# Pregnant cat for sale online



## Kitty Collars (Dec 29, 2010)

I just came across a pregnant cat for sale in East London for £20. 

I called and emailed Celia Hammond, but the woman I spoke with said she didn't think it was something they could help with.

Is it OK to post a link on here in case anyone could help?


----------



## Babyshoes (Jul 1, 2016)

Grrr! Hate people sometimes, who sells a pregnant cat for£20?

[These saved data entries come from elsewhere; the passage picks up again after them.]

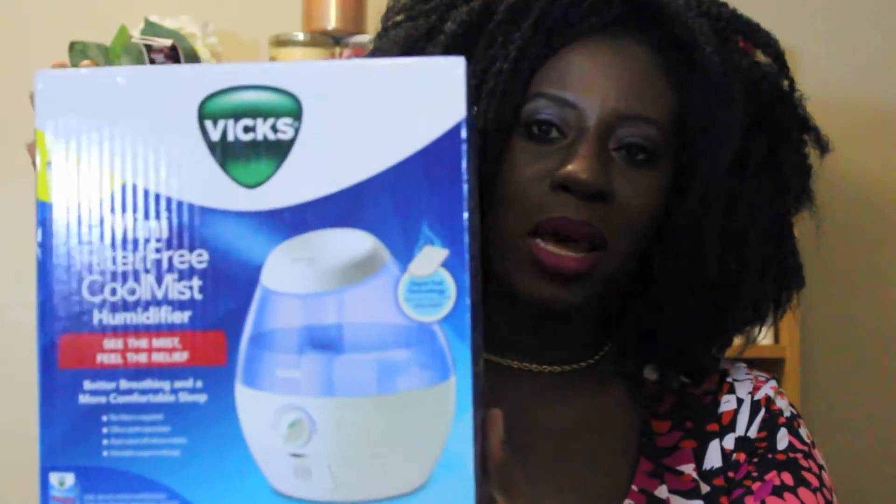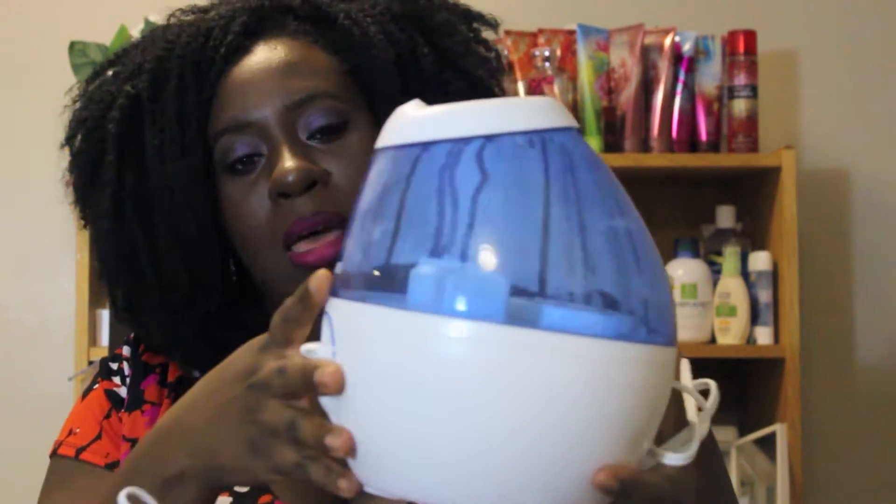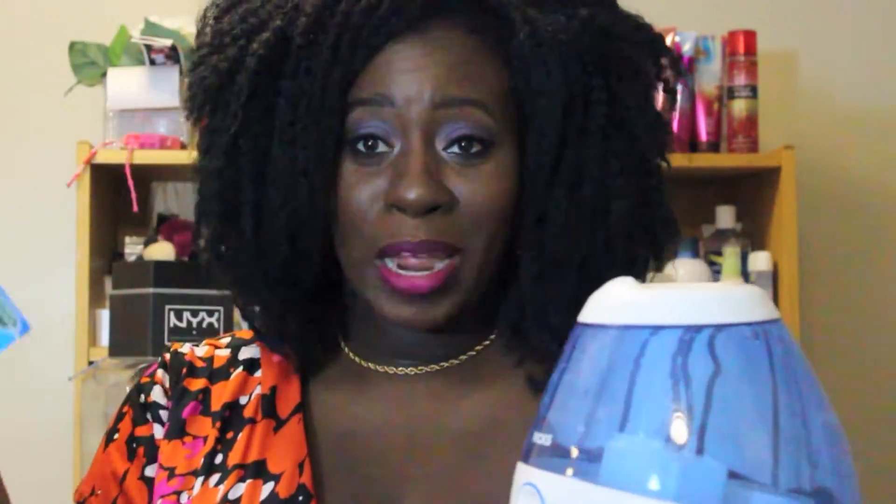It comes in this box and I'll just pull out all the contents so you can see what it comes with. Most importantly, it's a humidifier. It's got this really cool shape — it's quite compact and small. It also came with these little Vicks Vapor Rub pads. I think you put them in there and the Vicks smell permeates throughout the room. And then it came with a few coupons.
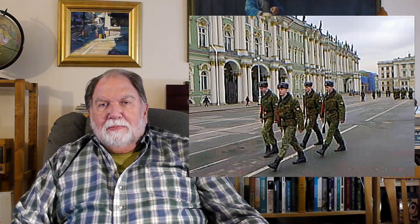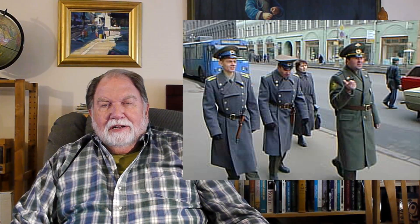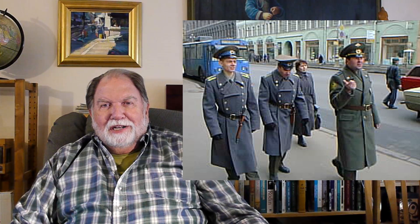On the vast Palace Square in front of the Hermitage, soldiers were marching and bands were playing. These policemen were marching by one location, and when I took their picture, their sergeant was not impressed.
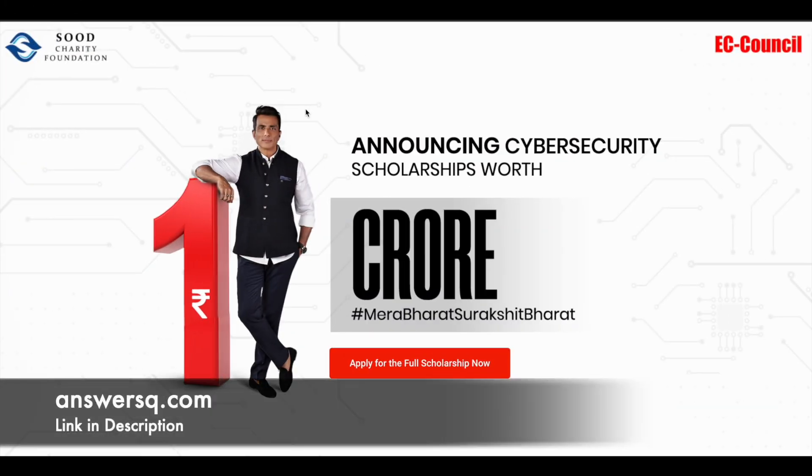Hi buddy, welcome back to Answers Cube. EC Council has partnered with Sud Charity Foundation in India to offer Cyber Security Scholarships through which we can get premium courses for free. So we will see about this in detail.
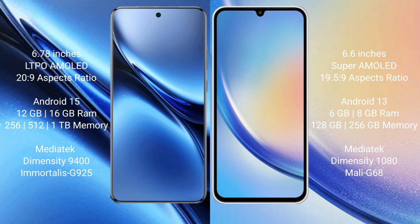The Vivo X200 Pro runs on Android 15, while the Samsung Galaxy A34 runs on Android 13. The Vivo X200 Pro comes with 12GB or 16GB RAM, and 256GB, 512GB, or 1TB internal storage, powered by the MediaTek Dimensity 9400 processor and GPU 925.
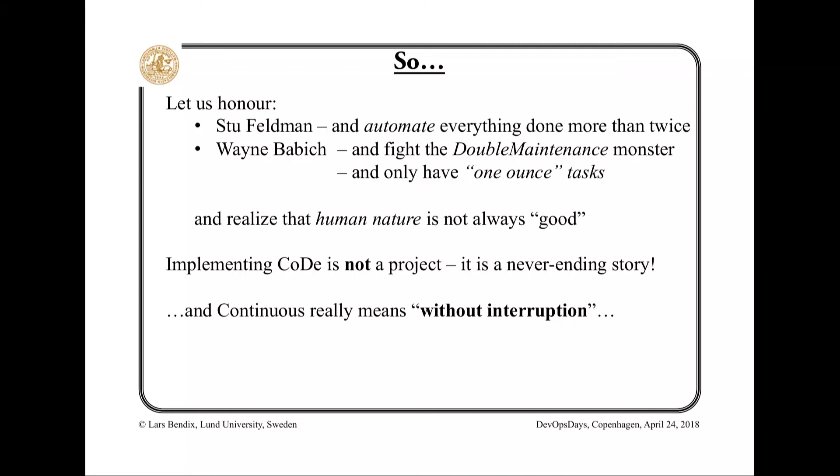Remember Stuart Feldman — he told us we should automate everything we do more than twice. Wayne Babitz told us to fight the double maintenance monster and have small tasks. We should realize that human nature is easy to tempt, so we should try to fight that. And continuous means without interruption. Thank you very much.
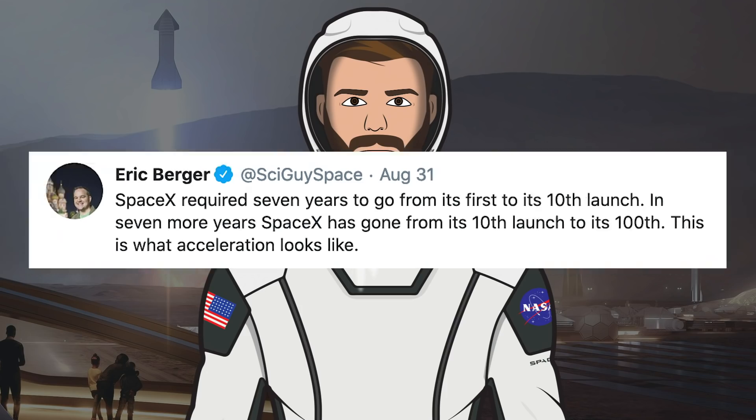Eric Berger tweeted something interesting saying: SpaceX required 7 years to go from its first to its 10th launch. In 7 more years, SpaceX has gone from its 10th to its 100th. This is what acceleration looks like. I can't wait to see where we are in 7 more years.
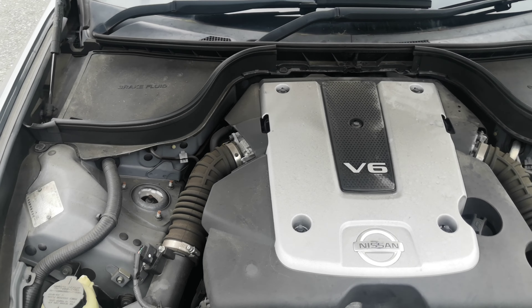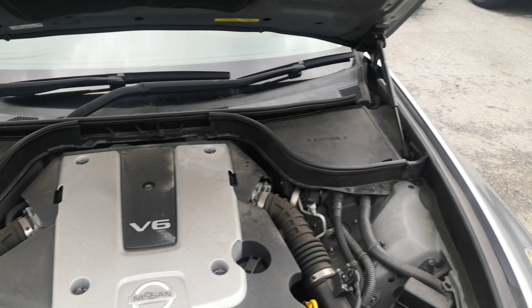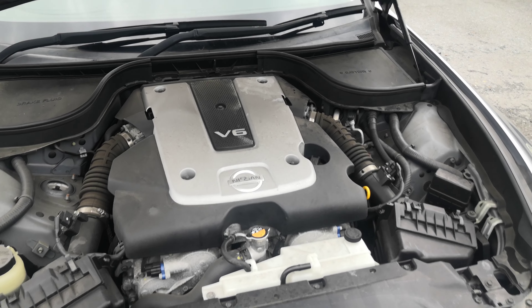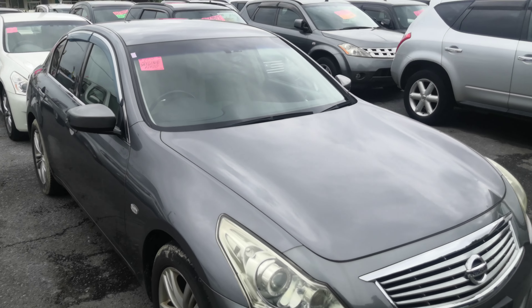Let's go to the front to show you the engine compartment and wrap this video up. This is the newest Skyline I have on the lot. Here you have your 2.5-liter V6, which will be cleaned during the detailing process. And there you go — 2010 Nissan Skyline 250 GT.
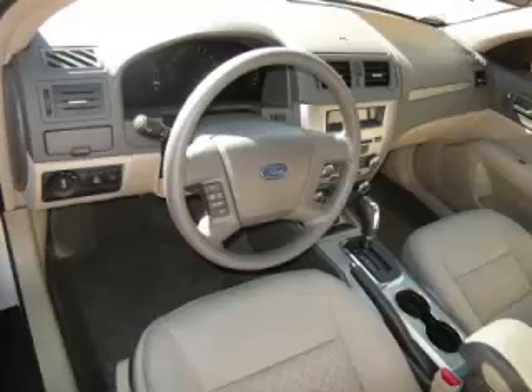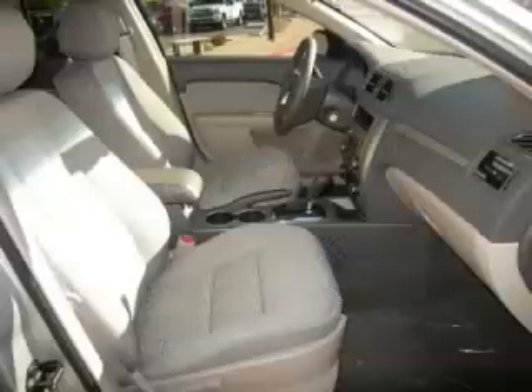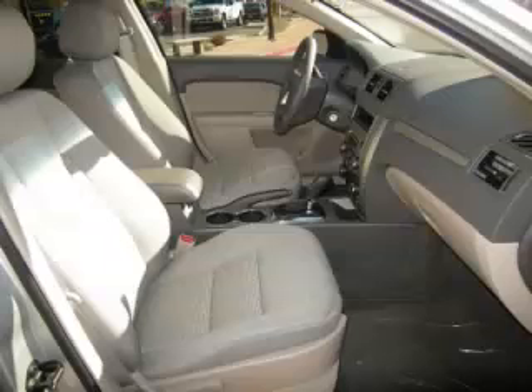Are you ready to experience this vehicle for yourself? Then call today to schedule your test drive, and remember to ask about our low internet financing.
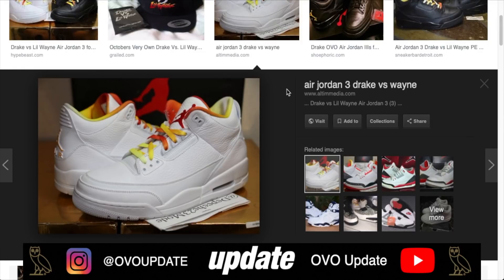A heavy hitter — number six: the OVO Air Jordan 3 Drake versus Lil Wayne in the white colorway. These were made for the Drake versus Lil Wayne tour, didn't get a public release, and were given out to friends, family, and people who were part of the tour. Drake and Wayne actually wore these on stage as well, which is why it comes in at number six.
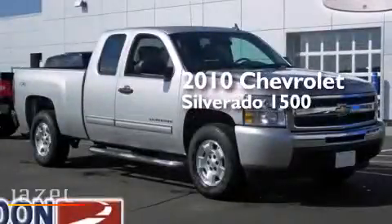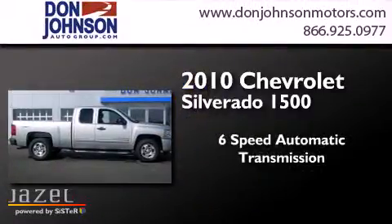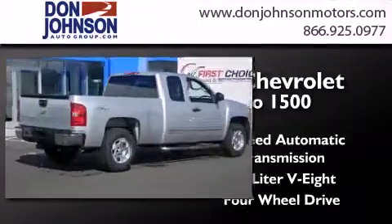This is a 2010 Chevrolet Silverado 1500. This truck has a 6-speed automatic transmission, a 5.3-liter V8, and the added capability of 4-wheel drive.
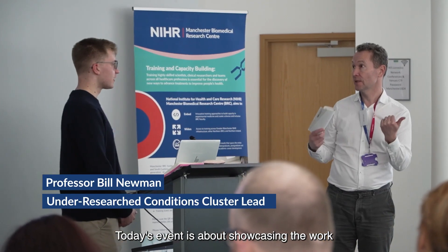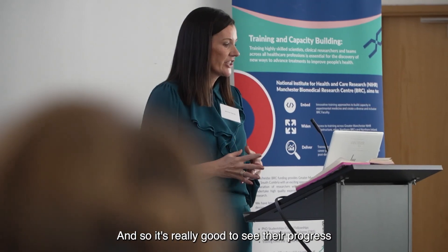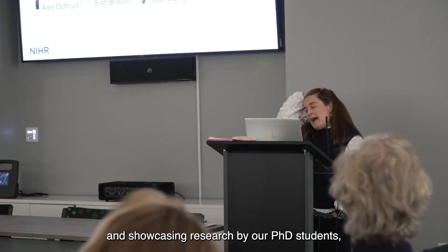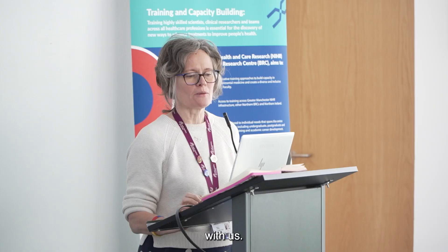Today's event is about showcasing the work of our wonderful young researchers, and it's really good to see their progress and to understand what they're doing. It's about bringing and showcasing research by our PhD students and bringing us together to understand what they've achieved in their first year with us.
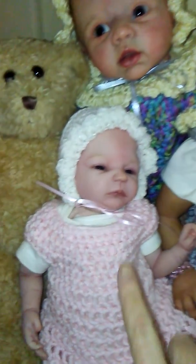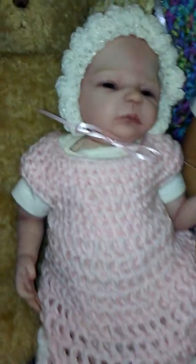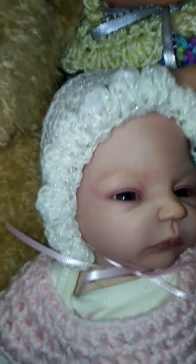Here's little baby Tanya and she's wearing this cute little pale pink dress and bonnet with a little white trim.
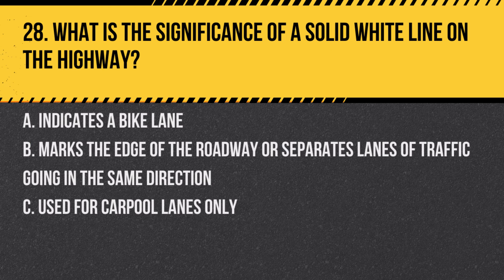Question 28. What is the significance of a solid white line on the highway? A. Indicates a bike lane. B. Marks the edge of the roadway or separates lanes of traffic going in the same direction. C. Used for carpool lanes only. Answer: B. Marks the edge of the roadway or separates lanes of traffic going in the same direction. Solid white lines denote the edges of a road and lane separations where lane changes are discouraged.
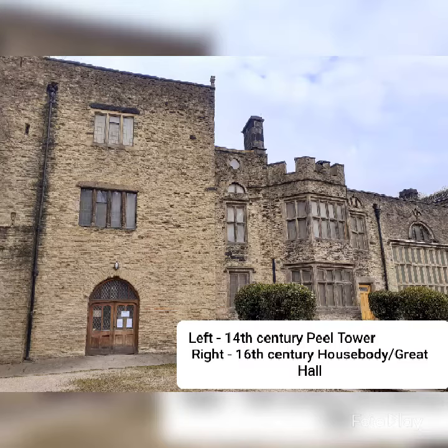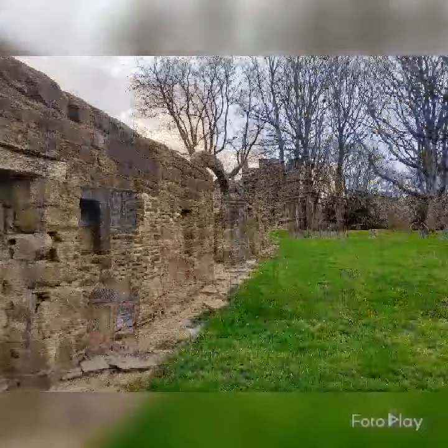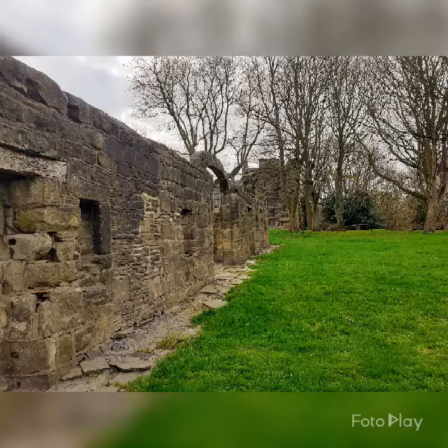When the hall was owned by Rosamond and Robert Tempest in the 16th century, the Peel Tower had a house body or great hall built directly to the side of it, and kitchens were built at the back of the Peel Tower, resulting in the medieval and early modern side of Bolling Hall as we know it today. The now redundant stone hall, separate to the rest of what is now Bolling Hall, would have then been repurposed and eventually hidden by new building material over time and become used as a stable.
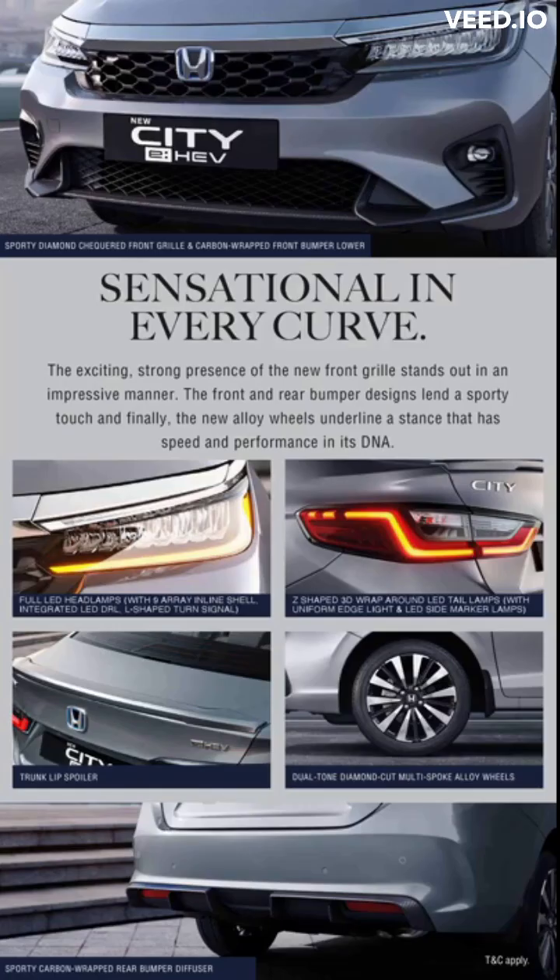The front and rear bumper designs lend a sporty touch, and the new alloy wheels underline a stance that has speed and performance in its DNA.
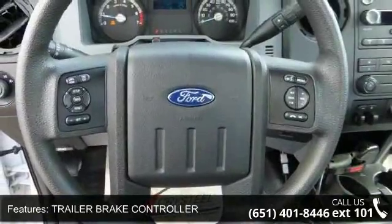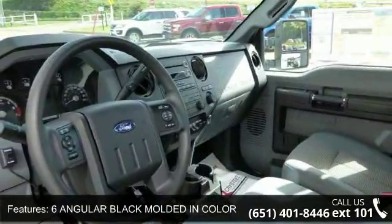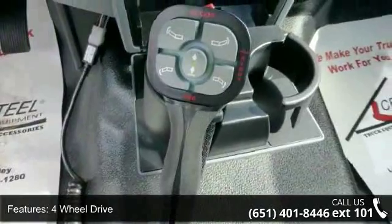Low mileage is an important factor in your purchase and this vehicle delivers a low odometer reading. This car won't be available much longer. Call now to schedule a test drive at our dealership.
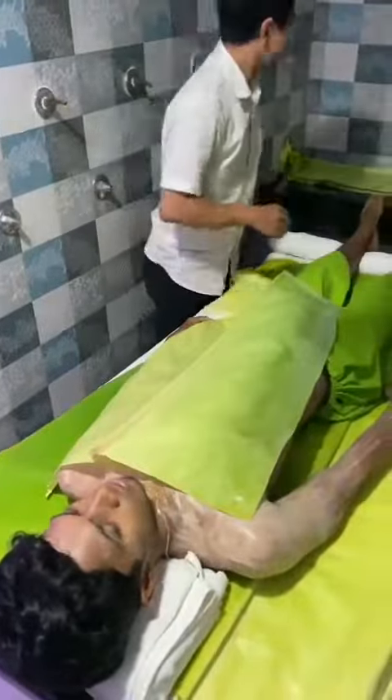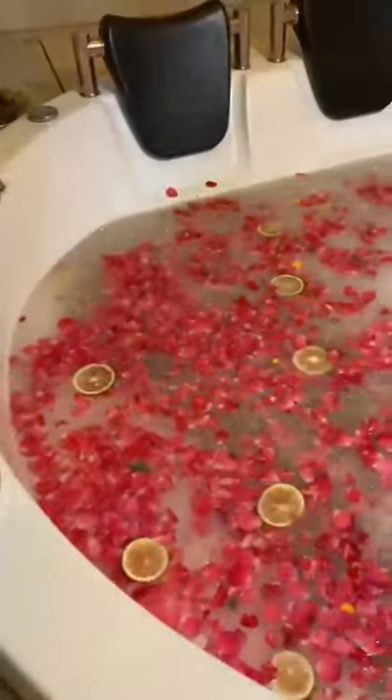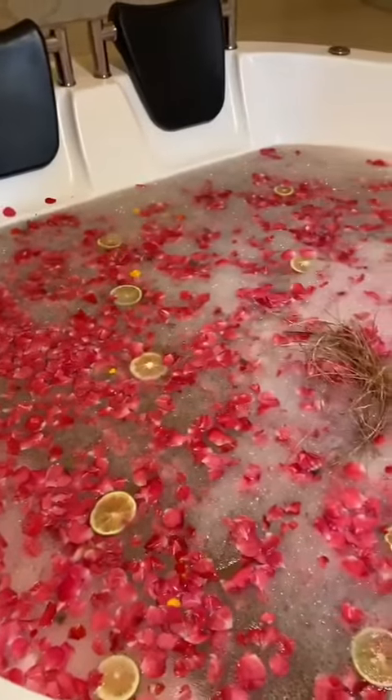We will wash our face and body. Now, we will enjoy the jacuzzi in warm water with rose petals, lemon and orange.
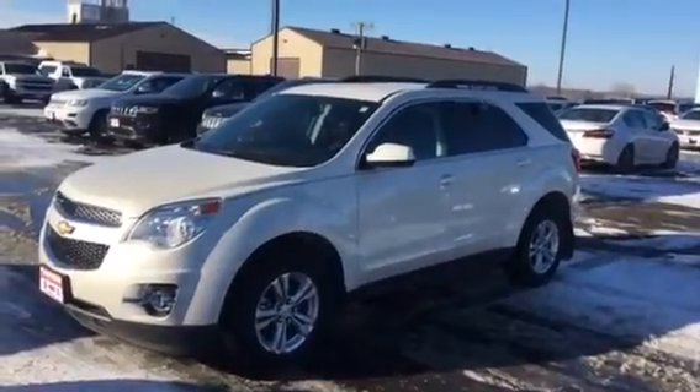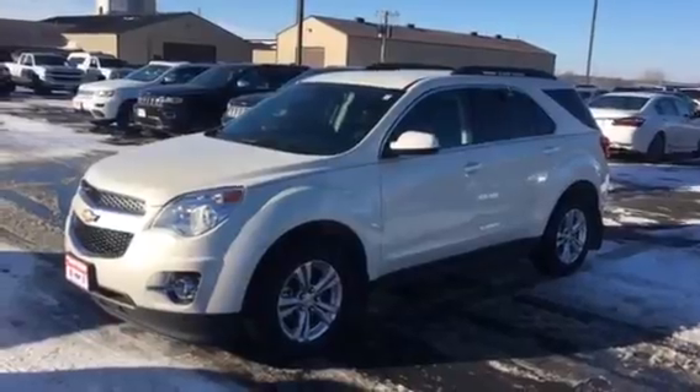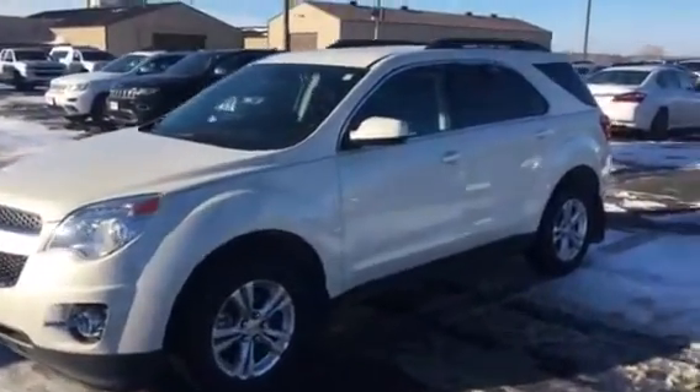Here's the 2013 Equinox you asked about. It's a one-owner 2LT from right here in town — we sold it new. It's a diamond white.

Usually it's not ok to post such links but I'll "report" this to the moderators so they'll see it and hopefully answer your question...


----------



## Kitty Collars (Dec 29, 2010)

Thank you, Babyshoes!


----------



## SusieRainbow (Jan 21, 2013)

Kitty Collars said:


> Thank you, Babyshoes!


Yes, post a link.


----------



## Kitty Collars (Dec 29, 2010)

Many thanks, SusieRainbow!

Here she is, if anyone can help her:
https://www.gumtree.com/p/cats/sell-cat/1329724626


----------



## Calvine (Aug 20, 2012)

I saw that this morning and I cannot imagine anyone selling that cat, pregnant, for £20. If they are, it will have gone by now or it's someone having a laugh. I didn't even bother to get in touch.


----------



## TIGGS1 (Oct 7, 2011)

She mentioned she aready had one maybe if its true she had this catlast christmas now its pregnant lets get rid of her some people are just so callous but if its false they just as sick


----------



## Summercat (Oct 8, 2017)

It could be real and she could end up in a bad way. I hate to see cats given away for free or cheaply.


----------



## kittih (Jan 19, 2014)

I did a google reverse image search on the photo but didnt come up with anything. Cant rule out its a fictitious cat but the pictures dont appear to have been aquired from elsewhere.


----------



## Paddypaws (May 4, 2010)

I saw that post too and sent a message to the ‘owner’ but did not receive a reply. We would have taken the cat in through Cat Protection


----------



## chillminx (Nov 22, 2010)

The advert is still there today!  Very odd!


----------



## QOTN (Jan 3, 2014)

Sometimes people will ignore an approach from a rescue. In the past, a friend and I have both contacted somebody selling a pregnant Siamese. I was myself since I thought the seller would know I was the welfare officer of a club and the friend just expressed interest in buying the girl.

I got nowhere! My friend would have been successful if somebody else had not mentioned what was happening on their wretched facebook. Another time a friend took her mother to buy a pregnant girl in order to pose as genuine naïve purchasers.

All subterfuge is justified in my opinion.


----------



## Paddypaws (May 4, 2010)

Oh don't worry @QOTN I didn't mention CP, just said I would love to home her cat


----------